Lockouts • Employers actually lock the workers out leaving workers with no income. • Quite an extreme measure
Transfer and Dismissal • Moving workers to other departments or locations. Reducing the power of employees by separating workers responsible for conflict. • Dismissing workers who do not comply with their conditions of employment
Absenteeism • ‘Chuckin a sickie.’ obvious sign of worker dissatisfation. • Turning up late or leaving early • Effective indicator of effective employment relations.
Sabotage and Accidents • Damaging equipment, stealing, disrupting work process, and wasting time. • Carelessness can lead to accidents
Turnover Rates • The number of employees permanently leaving a workplace who need replacing. • Worker dissatisfaction, unmotivation, or lack of rewards.
Covert Action by EmployERS • Exclusion of workers from decision making • Reduction of entitlements and ‘perks.’ • Rostering someone out or reducing hours.
The Role of Stakeholders Resolving disputes has traditionally been characterised by nions and employer associations battling for power. Recent years has seen a move towards dispute resolution at the workplace level.
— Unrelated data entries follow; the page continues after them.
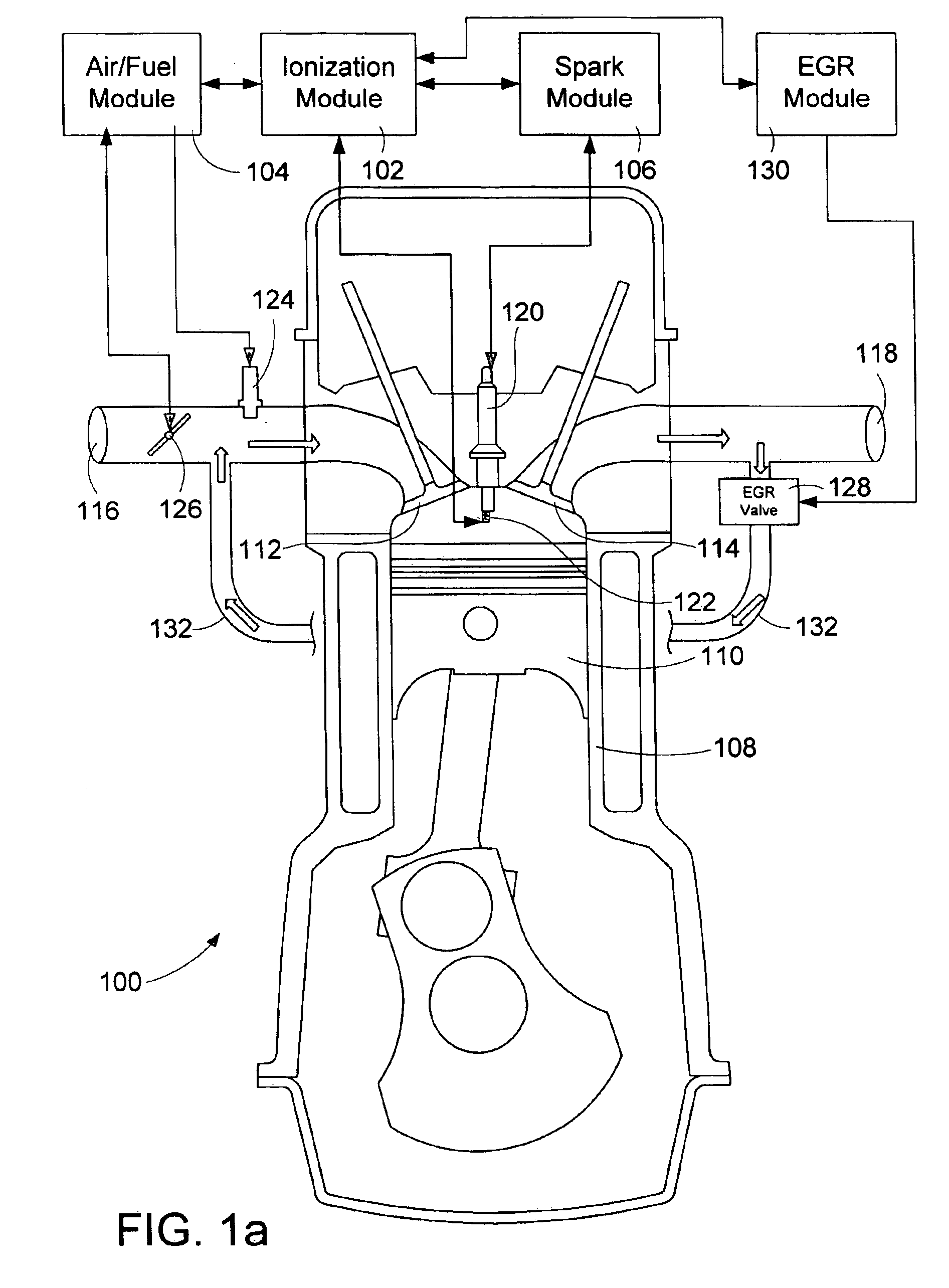 Method and apparatus for detecting abnormal combustion conditions in reciprocating engines having high exhaust gas recirculation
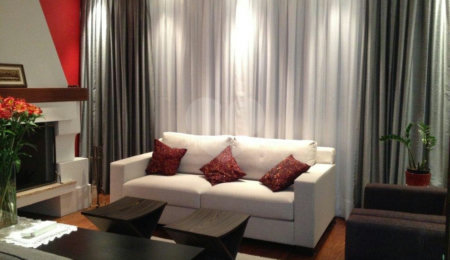 Apartamento à venda com 4 quartos, sendo 2 suítes,  em Vila Andrade, São Paulo, SP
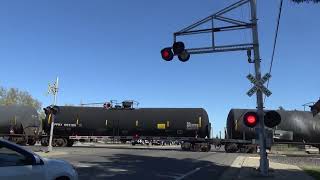 Union Pacific 9916 North @ Sacramento CA 4/2/2024
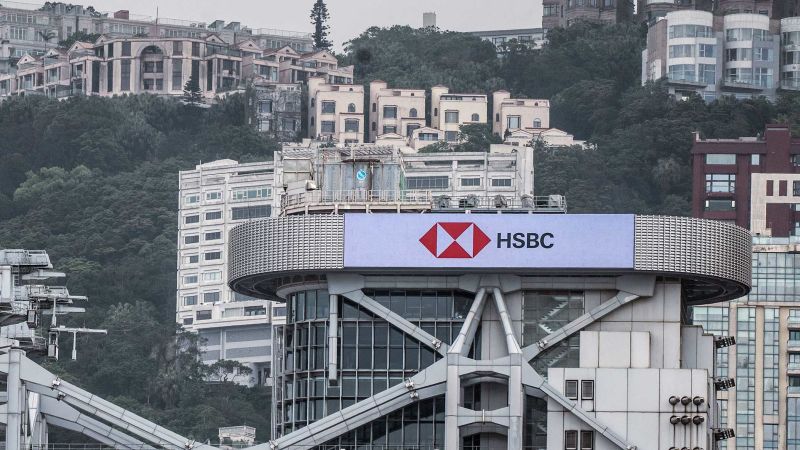 HSBC’s top execs face tense shareholders calling for a breakup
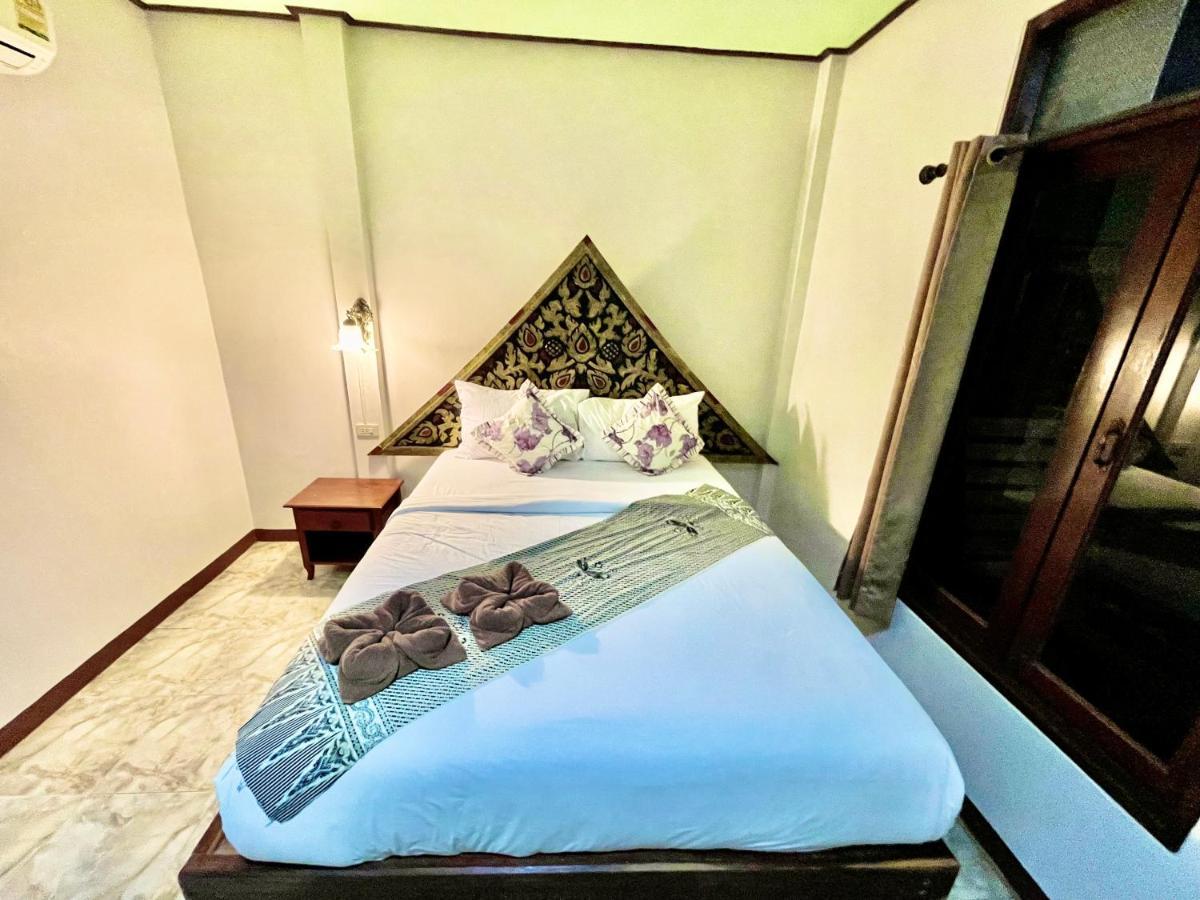 Khao Sok Green Valley Resort - Sha Certified Khao Sok National Park Екстер'єр фото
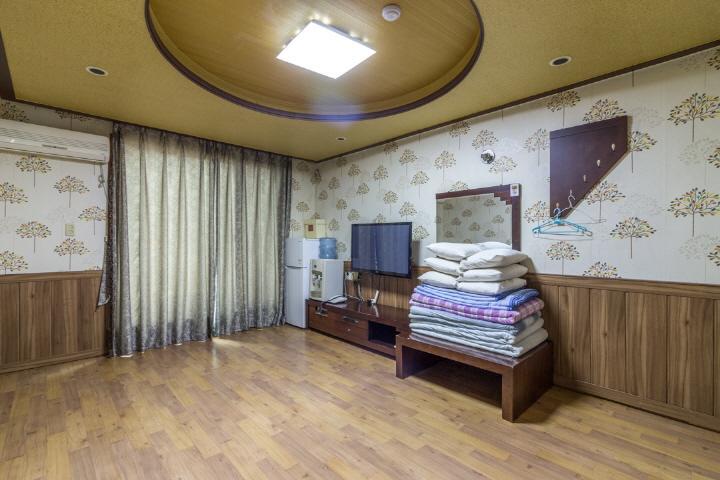 Venus Motel & Pension Boryeong Exterior foto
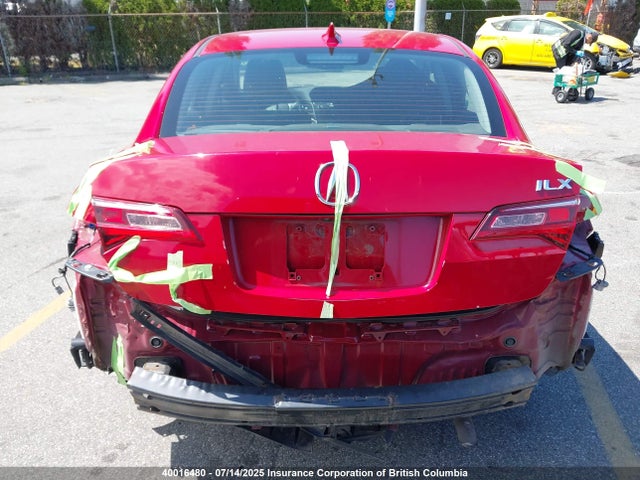 19UDE2F73HA801659 Acura k24v7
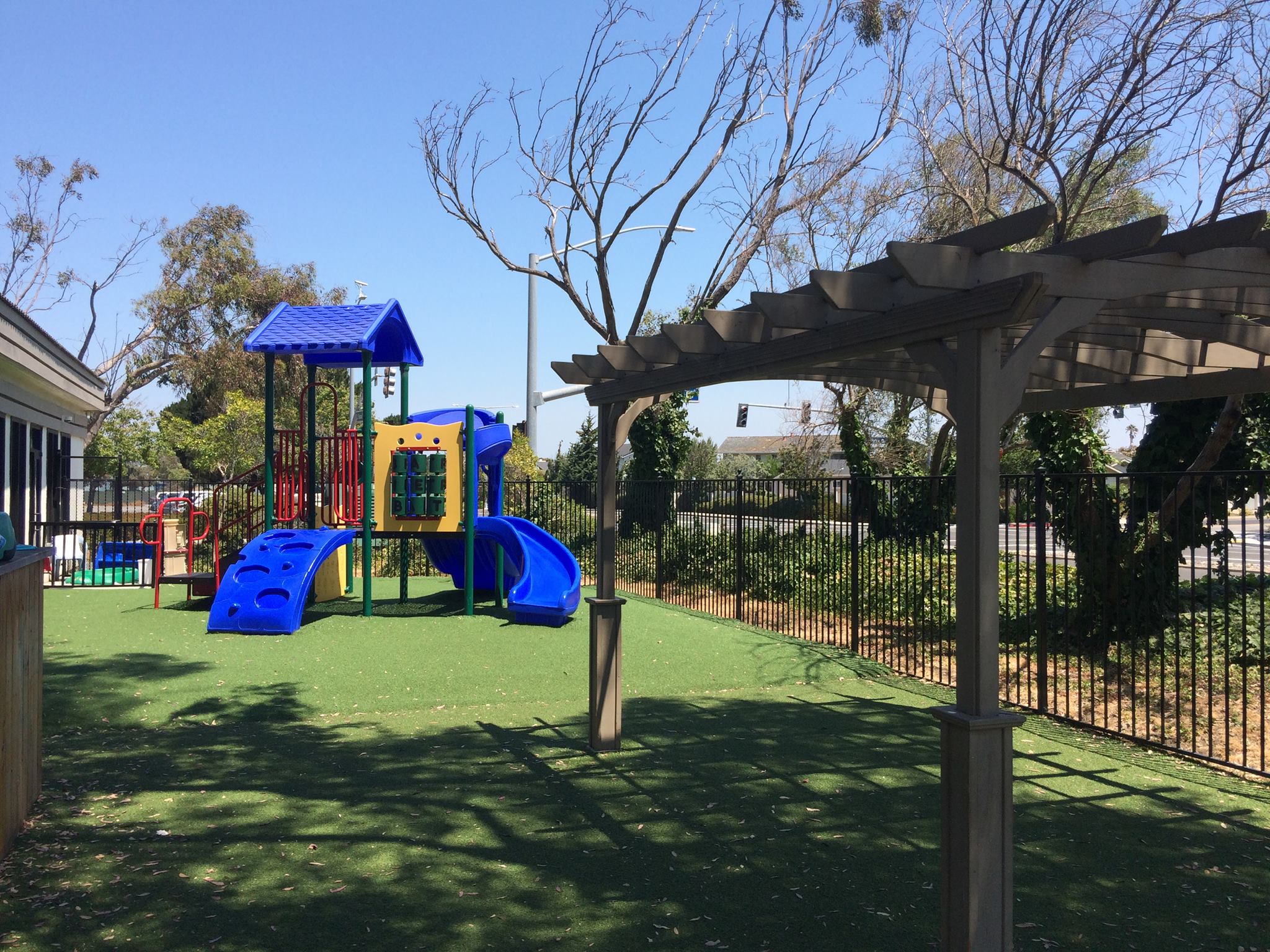 Odyssey Preschool Facebook ad: Odyssey Preschool Montessori - TK / Kindergarten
Employees and Employers • Many disputes do not need the union to intervene. • It is costly to both parties involved • Significance and importance of the formal grievance procedure to reduce productivity loss and assist in dispute resolution.
Unions and Employer Associations • Role of unions is decreasing • Work Choices introduced a ‘bargaining period’ in between contracts. Industrial action must not occur outside this time period. • Unions and Employer Associations are only required if the dispute heads to conciliation or arbitration at an industrial tribunal level.
Government Organisations • AIRC – Australian Industrial Relations Commission. • Anti Discrimination Board • Courts
The Process of Dispute Resolution • When disputes cannot be solved at a workplace level, or if grievance procedures fail.
Negotiation • CA’s and Awards normally will be negotiated through unions and employers. • AWA’s are at an individual level.
Mediation • When both parties cannot agree on a resolution mediation may be a likely alternative • Mediation involves inviting a third party to assist with the negotiations encouraging parties to find common ground and settle a dispute. • Suggestions are not binding.
Conciliation • Conciliation is mediation but the AIRC is the mediator. Disputing parties may be ordered to the Industrial tribunal. • Parties would rather resolve their dispute here than move to arbitration.
Arbitration • The AIRC will hear both sides and then provides a legally binding decision before a commissioner in small disputes, or a full bench for large disputes.
Costs and Benefits • Costs during a dispute, benefits may come as flow on effects. • Costs include, financial costs, loss of production, reduced job security, lost revenue, stress and loss of morale, divisions etc. • Benefits include, a better workplace and workplace practice. Fairer outcomes releasing possible tension, improved employment relations.